How To Fix Denial Code 135 | Common Reasons, Next Steps & How To Avoid It

Denial Code 135 means that interim bills cannot be processed. This denial code indicates that the insurance company is unable to process and pay for interim bills submitted by the healthcare provider. In this article, we will explore the description of denial code 135, common reasons for its occurrence, next steps to resolve the denial, how to avoid it in the future, and provide examples of denial code 135 cases.

2. Description

Denial Code 135 is a claim adjustment reason code (CARC) that signifies that interim bills cannot be processed. Interim bills are typically submitted by healthcare providers for services or treatments that are ongoing or require multiple visits. However, for various reasons, the insurance company is unable to process these interim bills, resulting in denial code 135. This denial code indicates that the claim for the interim bill cannot be paid at the current time.

2. Common Reasons

The most common reasons for denial code 135 are:

  1. Lack of Documentation: One of the common reasons for denial code 135 is the lack of proper documentation accompanying the interim bill. Insurance companies require detailed documentation to support the need for ongoing or multiple visits. Without sufficient documentation, the insurance company may deny the claim.
  2. Missing Information: In some cases, the interim bill may be missing essential information, such as patient identifiers, service codes, or dates of service.

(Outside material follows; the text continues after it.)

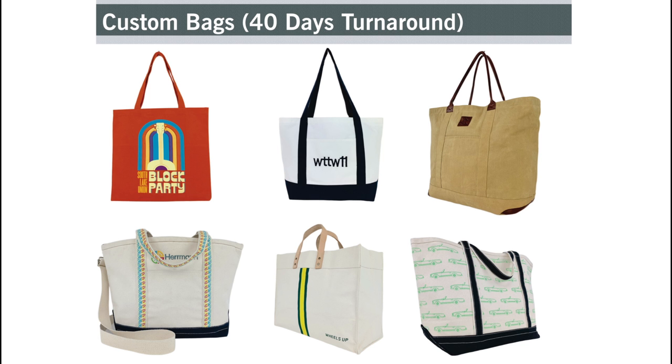A large part of our business is focused on creating custom bags for our clients. We can turn around a custom project in as little as 40 days with low minimum order quantity.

This missing information can lead to denial code 135 as the insurance company cannot process the bill without complete and accurate information.
  3. Incorrect Coding: Incorrect coding of the services provided in the interim bill can also result in denial code 135. If the services are coded incorrectly or do not align with the patient’s medical condition, the insurance company may deny the claim.
  4. Policy Limitations: Some insurance policies have limitations on the number of visits or treatments covered within a specific time frame. If the interim bill exceeds these limitations, the insurance company may deny the claim under denial code 135.
  5. Preauthorization Requirements: Certain healthcare services or treatments may require preauthorization from the insurance company. If the interim bill does not have the necessary preauthorization, the claim may be denied under denial code 135.

3. Next Steps

To resolve denial code 135, the following steps can be taken:

  1. Review Documentation: Carefully review the documentation accompanying the interim bill. Ensure that all necessary documentation is included and clearly supports the need for ongoing or multiple visits.
  2. Check for Missing Information: Double-check the interim bill for any missing information, such as patient identifiers, service codes, or dates of service. Complete any missing information before resubmitting the claim.
  3. Verify Coding Accuracy: Verify that the services provided in the interim bill are coded correctly and align with the patient’s medical condition. If any coding errors are identified, correct them before resubmitting the claim.
  4. Check Policy Limitations: Review the patient’s insurance policy to determine if there are any limitations on the number of visits or treatments covered. If the interim bill exceeds these limitations, consider discussing alternative payment options with the patient or seeking preauthorization from the insurance company.
  5. Obtain Preauthorization: If the interim bill requires preauthorization, ensure that the necessary preauthorization is obtained from the insurance company before resubmitting the claim.
  6. Resubmit the Claim: Once all necessary steps have been taken to address the reasons for denial code 135, resubmit the claim with the updated documentation, accurate coding, and any required preauthorization.

4. How To Avoid It

To avoid denial code 135 in the future, consider the following measures:

  1. Thorough Documentation: Ensure that all interim bills are accompanied by thorough and detailed documentation that supports the need for ongoing or multiple visits. Include relevant medical records, progress notes, and any other pertinent information.
  2. Complete Information: Double-check that all necessary information, including patient identifiers, service codes, and dates of service, is included in the interim bill. Verify the accuracy of the information before submitting the claim.
  3. Accurate Coding: Assign accurate and appropriate service codes to the services provided in the interim bill. Regularly train and educate coding staff to ensure they are up to date with the latest coding guidelines.
  4. Policy Review: Familiarize yourself with the patient’s insurance policy and any limitations on the number of visits or treatments covered. Be mindful of these limitations when submitting interim bills.
  5. Preauthorization Process: Understand the preauthorization requirements for specific healthcare services or treatments. Ensure that all necessary preauthorizations are obtained before submitting the interim bill.

5. Example Cases

Here are two examples of denial code 135:

  • Example 1: A healthcare provider submits an interim bill for a patient undergoing physical therapy sessions. However, the documentation accompanying the bill does not clearly demonstrate the medical necessity of the ongoing therapy. As a result, the claim is denied under denial code 135.
  • Example 2: A provider submits an interim bill for a patient who has exceeded the maximum number of covered visits for a specific treatment within a given time frame. The insurance company denies the claim under denial code 135 due to policy limitations.